Objectives We evaluated infusion-related reactions associated with cetuximab combination chemotherapy comprising an H1-receptor antagonist plus dexamethasone as anti-allergy premedications for patients with head and neck cancer. Methods We retrospectively evaluated 248 patients who received a cetuximab combination regimen between December 2012 and August 2015. All patients received 5 mg intravenous dichlorpheniramine (H1-receptor antagonist), and dexamethasone (DEX) was adjusted from 6.6 mg to 13.2 mg according to the emetogenic risk. Results We identified 248 subjects, including 13 (5.2%) with infusion-related reactions (grade 1 in five [2.0%], grade 2 in seven [2.8%], and grade 4 in one [0.4%]). The incidence of these reactions in cetuximab combination regimens, each employing an H1-receptor antagonist, using a higher dose of dexamethasone (13.2 mg) was not significantly lower compared with those using 6.6 mg DEX (2.4% vs 8.3%, respectively; p = 0.43). Twelve patients experienced infusion-related reactions associated with the first cetuximab administration, and one reaction occurred after the third administration. Conclusions The incidence of infusion-related reactions was lower compared with those of previous studies. Dexamethasone combined with an H1-receptor antagonist was useful for preventing allergic responses. The incidence of infusion-related reactions was not lower with 13.2 mg dexamethasone, and 6.6 mg DEX prevented infusion-related reactions.

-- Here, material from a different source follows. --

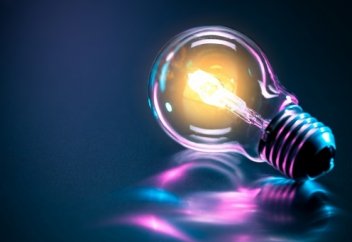 "Электр лампочкасын" ойлап тапқан Эдисон, қалай Эдисон болды?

目的 我们评估了与西妥昔单抗联合化疗相关的输注相关反应,该联合化疗方案包含一种H1受体拮抗剂加地塞米松,作为头颈癌患者的抗过敏预处理药物。方法 我们回顾性评估了2012年12月至2015年8月期间接受西妥昔单抗联合方案治疗的248例患者。所有患者均接受5mg静脉注射氯苯那敏(H1受体拮抗剂),并根据致吐风险将地塞米松(DEX)的剂量从6.6mg调整至13.2mg。结果 我们确定了248名受试者,其中13名(5.2%)出现输注相关反应(1级5名[2.0%],2级7名[2.8%],4级1名[0.4%])。在每种使用H1受体拮抗剂的西妥昔单抗联合方案中,使用较高剂量地塞米松(13.2mg)的这些反应的发生率与使用6.6mg DEX的方案相比,并无显著降低(分别为2.4%和8.3%;p = 0.43)。12名患者在首次使用西妥昔单抗时出现输注相关反应,1例反应发生在第三次给药后。结论 与先前研究相比,输注相关反应的发生率较低。地塞米松联合H1受体拮抗剂可有效预防过敏反应。13.2mg地塞米松并未降低输注相关反应的发生率,而6.6mg DEX可预防输注相关反应。